But this is not new. Work has been transformed (sometimes quite radically) over the last 150 years, mainly since the Industrial Revolution.

In this period, we have seen lots of manual labour supplanted by more tertiary functions. However, keep in mind that because we could be replaced by machinery, it does not follow that it is less costly to do so. This is why many manual jobs still exist - ie. Labourers on building sites, or even in car manufacturing, where a lot of components are still assembled by hand.

Even in the electronics industry, many don't realise that the majority of electric components (for instance, that go into a small toy remote controlled helicopter) are assembled by hand in a factory in Thailand. (There is a factory also in Thailand that is dedicated to making tiny solenoid coils 2.5mm in diameter, all done by women by hand in a huge warehouse).

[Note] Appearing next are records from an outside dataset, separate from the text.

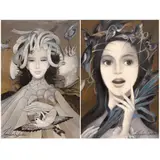Froylan Ojeda, a) Figuras alboriles, Óleo sobre tela sobre masonite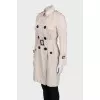 Beige trench coat with silk insert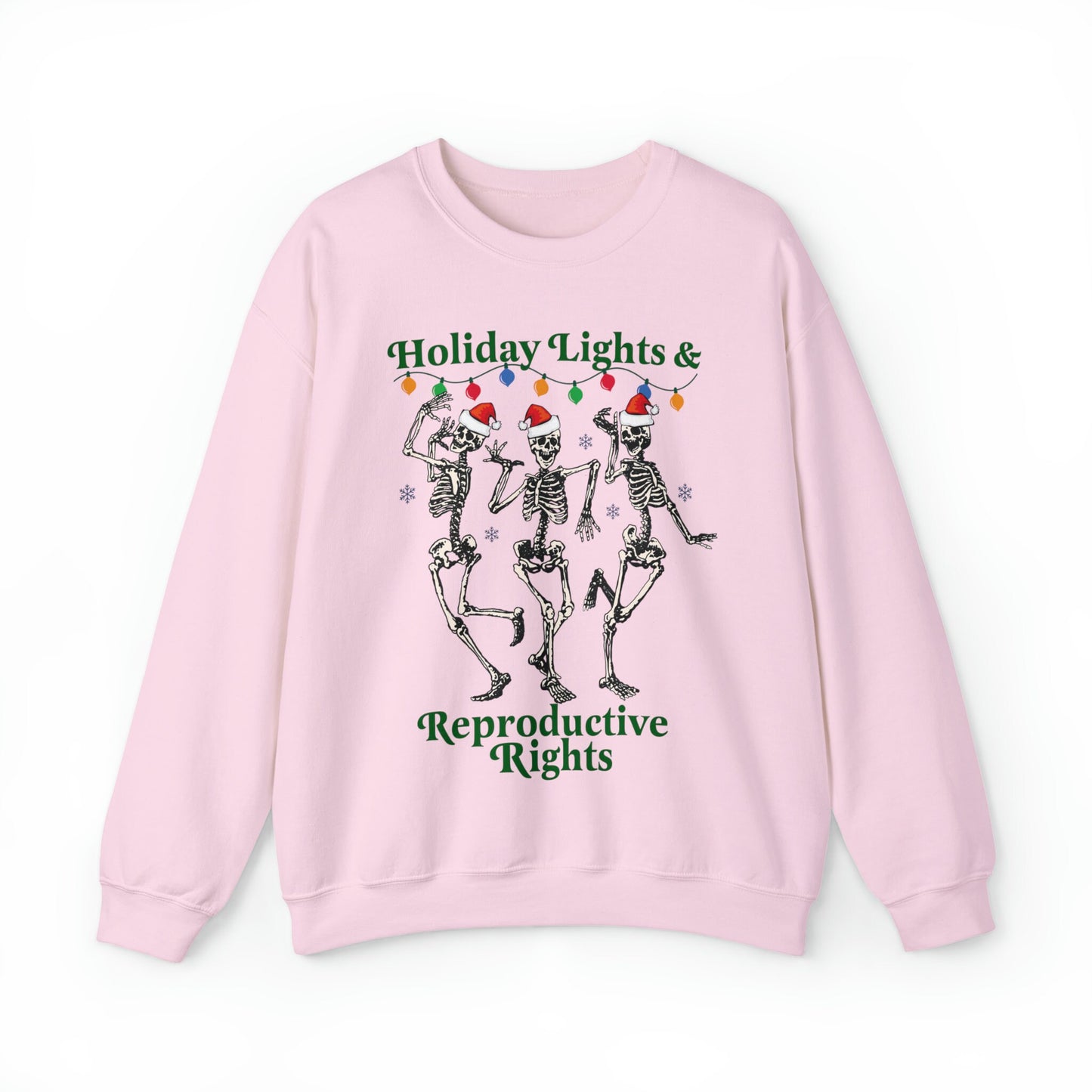 Holiday lights and reproductive rights sweatshirt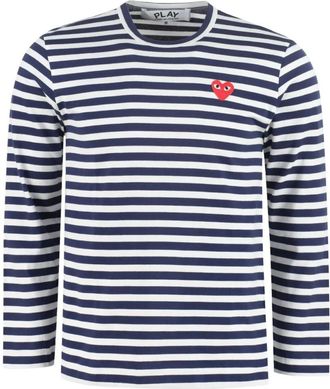 Comme Des Gar&ccedil;ons Navy Blue White Striped T-Shirt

Another example, even in the tertiary industries, like professional engineering, a lot of engineering work are still done by humans (only 'assisted' by computers). This is because, even though it is possible to have a computer replace an engineer, you cannot replace the 'trust' or the 'risk assumption' that engineer has (ie. you need someone to blame if it goes wrong), a uniquely human requirement. So - there are still engineers. Just as we would still have doctors, architects and lawyers.

This tells us market forces often override purely technological considerations. So although the future of work could be eventually replaced by automation and robots, sometimes the cost (and also demand) is not there to support it. The changes you are mentioning would be very gradual, if it happens much more at all.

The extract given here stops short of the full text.